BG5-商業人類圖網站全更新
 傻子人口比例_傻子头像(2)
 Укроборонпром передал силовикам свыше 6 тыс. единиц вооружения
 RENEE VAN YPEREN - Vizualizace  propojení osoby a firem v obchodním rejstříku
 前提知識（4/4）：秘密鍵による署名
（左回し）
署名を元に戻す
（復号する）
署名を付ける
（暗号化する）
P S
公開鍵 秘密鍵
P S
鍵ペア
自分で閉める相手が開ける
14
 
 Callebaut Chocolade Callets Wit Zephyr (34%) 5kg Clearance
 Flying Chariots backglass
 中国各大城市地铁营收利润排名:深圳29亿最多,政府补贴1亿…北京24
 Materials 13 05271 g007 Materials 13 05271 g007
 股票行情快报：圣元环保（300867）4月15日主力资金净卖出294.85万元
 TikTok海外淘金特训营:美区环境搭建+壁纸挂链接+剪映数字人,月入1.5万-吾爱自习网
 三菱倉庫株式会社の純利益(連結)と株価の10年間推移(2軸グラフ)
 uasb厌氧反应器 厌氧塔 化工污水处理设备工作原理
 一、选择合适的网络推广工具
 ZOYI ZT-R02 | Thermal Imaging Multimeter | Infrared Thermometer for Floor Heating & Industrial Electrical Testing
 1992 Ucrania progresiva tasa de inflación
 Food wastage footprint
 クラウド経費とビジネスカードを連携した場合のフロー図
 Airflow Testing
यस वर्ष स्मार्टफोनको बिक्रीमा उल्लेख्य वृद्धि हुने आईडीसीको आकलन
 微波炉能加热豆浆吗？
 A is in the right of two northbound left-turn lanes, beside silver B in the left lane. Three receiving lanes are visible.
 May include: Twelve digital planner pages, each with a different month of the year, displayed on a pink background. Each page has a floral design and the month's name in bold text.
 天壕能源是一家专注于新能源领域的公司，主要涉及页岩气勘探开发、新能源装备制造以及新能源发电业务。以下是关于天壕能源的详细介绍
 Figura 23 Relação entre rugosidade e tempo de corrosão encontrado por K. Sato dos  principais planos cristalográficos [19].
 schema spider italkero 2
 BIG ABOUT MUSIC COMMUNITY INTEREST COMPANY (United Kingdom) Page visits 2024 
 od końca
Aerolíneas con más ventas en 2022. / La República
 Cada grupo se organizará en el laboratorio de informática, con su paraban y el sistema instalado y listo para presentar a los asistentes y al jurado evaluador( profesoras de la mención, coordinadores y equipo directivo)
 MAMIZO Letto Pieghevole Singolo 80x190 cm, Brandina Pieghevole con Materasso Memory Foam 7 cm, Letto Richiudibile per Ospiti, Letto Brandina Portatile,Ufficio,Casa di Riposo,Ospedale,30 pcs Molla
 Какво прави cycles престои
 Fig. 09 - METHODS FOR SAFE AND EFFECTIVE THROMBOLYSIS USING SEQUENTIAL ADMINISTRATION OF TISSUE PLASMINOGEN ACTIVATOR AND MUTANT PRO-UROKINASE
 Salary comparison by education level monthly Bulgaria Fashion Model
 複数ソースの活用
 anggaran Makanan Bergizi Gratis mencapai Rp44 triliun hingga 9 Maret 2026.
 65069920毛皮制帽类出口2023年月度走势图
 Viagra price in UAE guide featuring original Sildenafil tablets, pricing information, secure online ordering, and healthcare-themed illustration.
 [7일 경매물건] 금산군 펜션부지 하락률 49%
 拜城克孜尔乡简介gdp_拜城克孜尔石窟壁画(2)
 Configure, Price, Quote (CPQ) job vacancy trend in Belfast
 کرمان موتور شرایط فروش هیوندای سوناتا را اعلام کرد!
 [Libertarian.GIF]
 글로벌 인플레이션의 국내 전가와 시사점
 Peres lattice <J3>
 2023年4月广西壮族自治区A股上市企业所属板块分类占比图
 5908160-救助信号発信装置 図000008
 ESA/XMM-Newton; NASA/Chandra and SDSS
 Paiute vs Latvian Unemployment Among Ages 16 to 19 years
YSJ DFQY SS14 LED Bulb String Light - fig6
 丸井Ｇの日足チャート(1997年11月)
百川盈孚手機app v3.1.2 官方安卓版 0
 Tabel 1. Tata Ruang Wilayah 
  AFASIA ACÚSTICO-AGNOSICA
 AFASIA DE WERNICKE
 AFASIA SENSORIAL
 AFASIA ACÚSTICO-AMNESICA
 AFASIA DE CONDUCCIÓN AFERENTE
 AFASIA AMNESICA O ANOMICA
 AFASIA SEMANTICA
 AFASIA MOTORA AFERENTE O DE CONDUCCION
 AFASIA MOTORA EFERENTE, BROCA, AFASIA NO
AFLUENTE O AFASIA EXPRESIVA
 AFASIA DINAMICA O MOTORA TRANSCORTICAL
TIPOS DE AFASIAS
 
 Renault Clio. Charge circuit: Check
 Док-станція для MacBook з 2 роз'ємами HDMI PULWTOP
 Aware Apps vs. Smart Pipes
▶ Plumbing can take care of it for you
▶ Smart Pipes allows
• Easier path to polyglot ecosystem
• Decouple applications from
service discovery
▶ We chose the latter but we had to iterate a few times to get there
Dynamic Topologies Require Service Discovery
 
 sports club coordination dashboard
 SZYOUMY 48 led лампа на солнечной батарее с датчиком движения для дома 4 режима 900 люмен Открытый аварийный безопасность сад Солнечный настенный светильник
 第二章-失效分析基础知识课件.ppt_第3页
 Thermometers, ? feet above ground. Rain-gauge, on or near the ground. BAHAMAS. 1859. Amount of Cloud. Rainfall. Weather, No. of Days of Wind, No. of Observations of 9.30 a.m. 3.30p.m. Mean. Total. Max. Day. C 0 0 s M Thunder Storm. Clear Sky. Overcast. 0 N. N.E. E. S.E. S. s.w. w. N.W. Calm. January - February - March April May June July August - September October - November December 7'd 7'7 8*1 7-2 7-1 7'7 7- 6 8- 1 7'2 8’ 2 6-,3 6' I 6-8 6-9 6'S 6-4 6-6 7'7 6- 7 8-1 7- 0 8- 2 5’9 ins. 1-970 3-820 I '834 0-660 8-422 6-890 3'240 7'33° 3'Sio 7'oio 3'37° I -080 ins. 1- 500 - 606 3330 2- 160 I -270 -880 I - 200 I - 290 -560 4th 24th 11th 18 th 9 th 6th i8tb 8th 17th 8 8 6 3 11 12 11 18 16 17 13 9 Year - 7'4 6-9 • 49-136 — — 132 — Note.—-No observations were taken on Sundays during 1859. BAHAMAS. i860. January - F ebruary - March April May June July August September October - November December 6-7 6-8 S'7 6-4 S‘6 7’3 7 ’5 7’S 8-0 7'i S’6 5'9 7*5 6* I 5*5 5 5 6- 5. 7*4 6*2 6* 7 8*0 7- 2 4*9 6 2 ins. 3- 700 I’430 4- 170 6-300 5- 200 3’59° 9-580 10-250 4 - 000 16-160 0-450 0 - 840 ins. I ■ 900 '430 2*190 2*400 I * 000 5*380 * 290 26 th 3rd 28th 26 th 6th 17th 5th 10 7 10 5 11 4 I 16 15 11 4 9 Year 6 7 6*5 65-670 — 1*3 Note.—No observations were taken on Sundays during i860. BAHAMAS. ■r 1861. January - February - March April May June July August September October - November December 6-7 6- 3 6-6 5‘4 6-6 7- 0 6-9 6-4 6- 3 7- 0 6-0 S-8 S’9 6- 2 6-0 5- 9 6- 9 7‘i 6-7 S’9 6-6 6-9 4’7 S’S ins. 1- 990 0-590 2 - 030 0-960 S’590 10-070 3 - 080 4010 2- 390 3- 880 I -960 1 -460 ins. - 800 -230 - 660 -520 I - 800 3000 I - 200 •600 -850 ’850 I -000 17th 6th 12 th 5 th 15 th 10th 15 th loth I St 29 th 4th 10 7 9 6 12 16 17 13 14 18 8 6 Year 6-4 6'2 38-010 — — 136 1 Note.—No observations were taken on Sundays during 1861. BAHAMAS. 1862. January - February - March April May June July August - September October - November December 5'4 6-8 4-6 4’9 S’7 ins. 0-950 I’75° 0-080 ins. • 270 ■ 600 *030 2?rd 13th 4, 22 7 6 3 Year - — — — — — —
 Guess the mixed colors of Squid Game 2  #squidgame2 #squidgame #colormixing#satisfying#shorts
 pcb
=======
▶ [ASSIGNMENT]:
In the entries above, one line contains "Fig. 09 - METHODS" and another contains "ESA/XMM-Newton; NASA/Chandra and SDSS". Reproduce exactly those two lines and the lines between them, nothing else.

▶ [EXERCISE RESPONSE]:
 Fig. 09 - METHODS FOR SAFE AND EFFECTIVE THROMBOLYSIS USING SEQUENTIAL ADMINISTRATION OF TISSUE PLASMINOGEN ACTIVATOR AND MUTANT PRO-UROKINASE
 Salary comparison by education level monthly Bulgaria Fashion Model
 複数ソースの活用
 anggaran Makanan Bergizi Gratis mencapai Rp44 triliun hingga 9 Maret 2026.
 65069920毛皮制帽类出口2023年月度走势图
 Viagra price in UAE guide featuring original Sildenafil tablets, pricing information, secure online ordering, and healthcare-themed illustration.
 [7일 경매물건] 금산군 펜션부지 하락률 49%
 拜城克孜尔乡简介gdp_拜城克孜尔石窟壁画(2)
 Configure, Price, Quote (CPQ) job vacancy trend in Belfast
 کرمان موتور شرایط فروش هیوندای سوناتا را اعلام کرد!
 [Libertarian.GIF]
 글로벌 인플레이션의 국내 전가와 시사점
 Peres lattice <J3>
 2023年4月广西壮族自治区A股上市企业所属板块分类占比图
 5908160-救助信号発信装置 図000008
 ESA/XMM-Newton; NASA/Chandra and SDSS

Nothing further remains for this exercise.